An ideal current source is a concept, and does not exist, cannot exist. Other useful concepts like an ideal resistor, an ideal voltage source, a 'light inextensible string' or 'frictionless surface' (I loved those two in physics lessons) don't and cannot exist either.
However, not only are these concepts useful mathematically, but they are also very useful as a first order approximation to the behaviour of many real physical things, and can be approximated to a greater or lesser degree of completeness by real physical things.
So we can approximate a current source by a transistor, with the base held at some potential which keeps a voltage across, and therefore a current through, an emitter resistor, which current appears at the collector. This current source has a non-infinite output impedance, varies with temperature, and cannot deliver infinite voltage into an open circuit, but is still useful, in certain applications.
An inductor, with a current flowing through it, at the time the switch controlling current to it opens, is best thought of as a current source. How to cope with the continuous current still coming from it, with the energy behind it to raise the output voltage to any high voltage sufficient to cause breakdown, is a good mental model for how to design the current paths and control components that are there to limit the voltage rise.

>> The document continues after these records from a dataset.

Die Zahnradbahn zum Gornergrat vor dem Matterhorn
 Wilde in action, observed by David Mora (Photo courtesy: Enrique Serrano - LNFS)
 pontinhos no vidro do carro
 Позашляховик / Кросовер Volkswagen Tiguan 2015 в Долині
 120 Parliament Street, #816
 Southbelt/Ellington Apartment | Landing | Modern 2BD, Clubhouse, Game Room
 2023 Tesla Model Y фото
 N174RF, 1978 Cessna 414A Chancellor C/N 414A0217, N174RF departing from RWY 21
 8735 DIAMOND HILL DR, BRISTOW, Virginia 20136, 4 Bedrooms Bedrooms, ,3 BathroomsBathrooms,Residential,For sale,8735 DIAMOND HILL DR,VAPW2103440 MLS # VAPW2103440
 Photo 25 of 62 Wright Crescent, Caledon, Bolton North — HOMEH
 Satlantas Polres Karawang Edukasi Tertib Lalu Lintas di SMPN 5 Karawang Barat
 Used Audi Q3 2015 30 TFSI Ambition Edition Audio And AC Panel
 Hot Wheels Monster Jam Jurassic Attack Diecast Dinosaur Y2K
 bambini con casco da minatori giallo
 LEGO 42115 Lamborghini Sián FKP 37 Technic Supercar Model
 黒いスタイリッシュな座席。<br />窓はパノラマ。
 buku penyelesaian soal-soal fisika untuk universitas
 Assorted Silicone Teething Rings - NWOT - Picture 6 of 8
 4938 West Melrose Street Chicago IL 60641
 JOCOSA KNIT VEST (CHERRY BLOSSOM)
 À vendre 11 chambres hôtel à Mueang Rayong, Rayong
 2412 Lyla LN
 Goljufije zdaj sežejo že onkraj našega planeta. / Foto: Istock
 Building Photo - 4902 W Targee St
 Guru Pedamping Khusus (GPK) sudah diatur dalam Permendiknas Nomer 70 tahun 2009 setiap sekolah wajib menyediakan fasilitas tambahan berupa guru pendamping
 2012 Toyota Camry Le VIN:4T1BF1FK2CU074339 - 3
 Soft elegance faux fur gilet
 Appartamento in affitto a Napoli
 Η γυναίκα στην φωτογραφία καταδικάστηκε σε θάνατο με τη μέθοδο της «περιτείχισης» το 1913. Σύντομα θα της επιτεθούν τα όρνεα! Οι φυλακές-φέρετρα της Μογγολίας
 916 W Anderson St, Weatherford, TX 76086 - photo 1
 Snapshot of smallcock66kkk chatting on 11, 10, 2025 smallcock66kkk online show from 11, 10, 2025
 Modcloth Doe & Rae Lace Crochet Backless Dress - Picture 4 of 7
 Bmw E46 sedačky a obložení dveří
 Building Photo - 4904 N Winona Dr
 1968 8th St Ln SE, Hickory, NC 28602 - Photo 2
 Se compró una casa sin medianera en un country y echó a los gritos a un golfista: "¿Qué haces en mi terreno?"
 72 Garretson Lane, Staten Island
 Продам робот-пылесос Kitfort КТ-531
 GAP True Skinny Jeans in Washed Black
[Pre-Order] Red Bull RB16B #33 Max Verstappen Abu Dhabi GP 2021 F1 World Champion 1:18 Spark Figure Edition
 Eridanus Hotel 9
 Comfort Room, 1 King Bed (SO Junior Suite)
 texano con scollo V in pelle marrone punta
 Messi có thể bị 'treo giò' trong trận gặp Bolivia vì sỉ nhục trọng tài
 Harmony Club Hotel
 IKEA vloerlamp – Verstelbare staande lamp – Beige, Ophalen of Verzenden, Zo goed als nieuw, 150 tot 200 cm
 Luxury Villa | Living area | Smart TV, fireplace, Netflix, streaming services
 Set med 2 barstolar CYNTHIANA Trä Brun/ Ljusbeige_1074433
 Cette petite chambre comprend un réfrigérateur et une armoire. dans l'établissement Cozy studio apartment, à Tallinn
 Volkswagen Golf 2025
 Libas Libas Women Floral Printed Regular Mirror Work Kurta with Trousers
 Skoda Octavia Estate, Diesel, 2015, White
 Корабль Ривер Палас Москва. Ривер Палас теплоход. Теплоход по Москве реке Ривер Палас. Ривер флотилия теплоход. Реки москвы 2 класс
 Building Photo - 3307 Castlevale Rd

When a switch mode converter is controlled to vary its output, 'constant voltage' and 'constant current' are the two main models for what the control inside tries to do at the output terminals.
In the same way, real voltage sources cannot deliver infinite current, real resistors have some residual series inductance, and the only use for a light inextensible string is for tethering a spherical cow.
Of course they exist.
There are many cases, where current sources are applicable:
- LED Lighting
- Microelectronics (such as amplifiers, measurement devices, ...)
- Motor controllers
Often, they are realized by a control circuit (including an operational amplifier) that monitors the current using a shunt resistor, controlling it using a transistor.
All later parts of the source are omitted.